Rupert Soames, president of business lobby group the Confederation of British Industry (CBI), was this week driven to acknowledge that improved workers’ rights is “really good for people who are employed”.
This matters because bolstering workers’ rights is central to the Labour Party’s New Deal for working people.
This pledges sweeping but necessary changes including stamping out the exploitative use of zero hours contracts, ending the ability of employers to fire and rehire workers on lower wages, and scrapping the current wait for up to two years for basic workplace protections.
Such reform is desperately needed.
Rise in insecure work
TUC analysis of official figures shows that by the end of 2022 there were around 3.9 million people in insecure employment, a rise of 23 per cent since the coalition took office – almost double the rise of 12 per cent in overall employment growth.
As Soames, having recently spent eight years as chief executive of outsourcing giant Serco, will be well aware: insecure work disproportionately affects groups of workers who are already discriminated against in the workplace, such as Black and minority ethnic (BME) workers.
Over half of those living in poverty are in working households – and this rises to three quarters of children living in poverty.
Even the current government promised 20 times to introduce an employment bill. But the pledge remains unfilled.
Faltering economy
Meanwhile, the flawed idea that weak workers’ rights means a stronger economy and higher productivity has been tested to destruction.
As the Resolution Foundation has pointed out: “Labour productivity grew by just 0.4 per cent a year in the UK in the 12 years following the financial crisis, half the rate of the 25 richest OECD countries (0.9 per cent)."
Moreover, things are getting worse not better.

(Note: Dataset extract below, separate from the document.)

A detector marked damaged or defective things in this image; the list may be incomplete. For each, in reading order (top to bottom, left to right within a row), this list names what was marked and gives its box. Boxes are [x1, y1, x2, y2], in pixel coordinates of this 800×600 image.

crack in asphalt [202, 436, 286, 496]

Economic growth is flatlining with the country teetering on the brink of recession.
The relentless undermining of wages and incomes has repercussions on spending in the economy, with household consumption failing.
This is why Richard Walker, boss of grocery chain Iceland, switched support to Labour citing concern about the impact of the rising cost of living on their customers.

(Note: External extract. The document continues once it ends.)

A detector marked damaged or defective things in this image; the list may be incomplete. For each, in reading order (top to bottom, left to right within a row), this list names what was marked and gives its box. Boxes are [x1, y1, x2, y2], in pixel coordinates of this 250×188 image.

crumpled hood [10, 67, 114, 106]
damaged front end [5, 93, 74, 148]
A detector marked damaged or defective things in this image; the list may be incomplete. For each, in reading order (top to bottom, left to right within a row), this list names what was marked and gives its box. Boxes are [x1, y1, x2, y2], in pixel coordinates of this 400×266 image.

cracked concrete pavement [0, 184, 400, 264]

Higher pay and greater security are clearly in the interests of both workers and businesses, for they mean more spending and more revenues for business.
Watering down
Soames warned that “European model” of stronger worker rights, while benefiting those in work, is “really bad for people who are unemployed because companies are terrified to take them on”.
This suggests some in business are oblivious to the events of the past decade or so.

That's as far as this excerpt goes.